Antalya'da 'Ayrışan Dünyada Diplomasiyi Sahiplenmek' temasıyla bu yıl 4'üncüsü düzenlenen 'Antalya Diplomasi Forumu (ADF) 2025', Belek turizm bölgesindeki NEST Kongre Merkezi'nde başladı.
DF-2025 Liderler Paneli’nde NATO PA Türk Delegasyonu Başkanı ve eski Dışişleri Bakanı Mevlüt Çavuşoğlu'nun moderatörlüğünde, 'Çok Kutupluluk Çağında Ortaklık Arayışı' konulu oturum gerçekleştirildi.
LİDERLER PANELDE KONUŞTU
Oturumda, Cumhurbaşkanı Yardımcısı Cevdet Yılmaz, Karadağ Cumhurbaşkanı Jakov Milatovic, Moldova Başbakanı Dorin Recean, Gürcistan Başbakanı İrakli Kobakhidze, Bulgaristan Başbakanı Rosen Jelyazkov, eski Hırvatistan Cumhurbaşkanı Kolinda Grabar Kitarovic konuştu.

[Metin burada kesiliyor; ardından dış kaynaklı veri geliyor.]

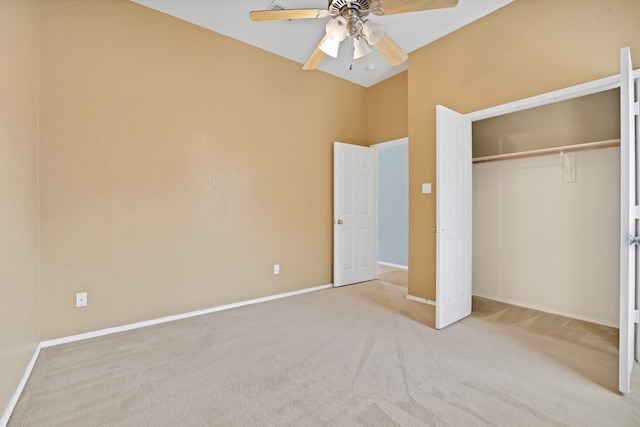 unfurnished bedroom with a closet, ceiling fan, and light carpet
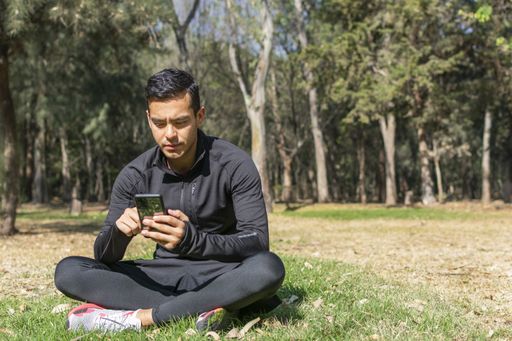 Fit young latino man in sportswear standing in the middle of the forest checking his sports watch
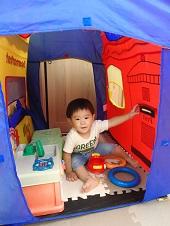 テントの中に入り鍋のおもちゃで遊んでいる子供の写真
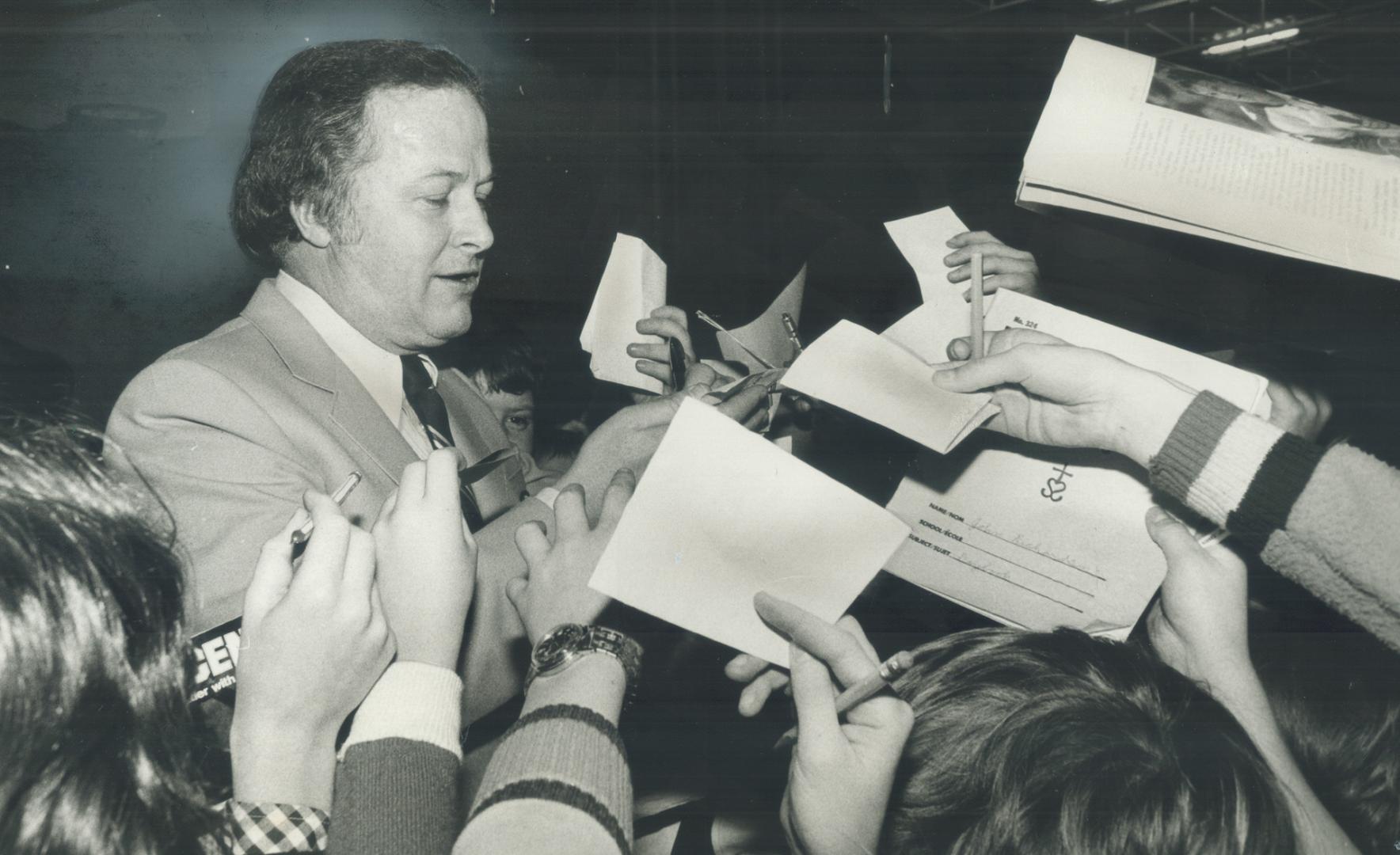 Celebrity, Hockey broadcaster Brian MacFarlane was swamped by autograph seekers at the end of a book called Peter Puck, talked about hockey and how to play a fair game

DİPLOMASİDE TÜRKİYE'NİN ÖNEMİ
Karadağ Cumhurbaşkanı Milatovic, Balkan ülkelerinin diplomasi sayesinde Türkiye ile arasındaki ilişkilerin sıkılaştığını belirterek, “Türkiye modern zamanların zorlukları söz konusu olduğunda diplomatik çabalarla birçok faaliyette bulunuyor. Karadağ, Balkanlar'ın ortasında yer alıyor ve bu nedenle bölgesel iş birliği elzem. Karadağ NATO üyesi ve güvenlik meselelerinde iyi bir pozisyonda, Avrupa Birliği'ne de adayız ve bu yönde ilerliyoruz. AB (Avrupa Birliği) üyeliği Karadağ için önemli bir hedef ve 2028'de 28'inci üye olmayı amaçlıyoruz. Dünyadaki sorunların çözümünde ADF gibi platformların sağladığı imkanlar çok önemli. Türkiye, coğrafyasıyla, üç kıtanın da merkezinde, birçok kültürün bağlantı noktasında, birbirinden farklı birçok yere hitap eden bir konumda olmasıyla gerçekten diplomaside daha büyük bir rol üstlenebilecek pozisyona da sahip" dedi.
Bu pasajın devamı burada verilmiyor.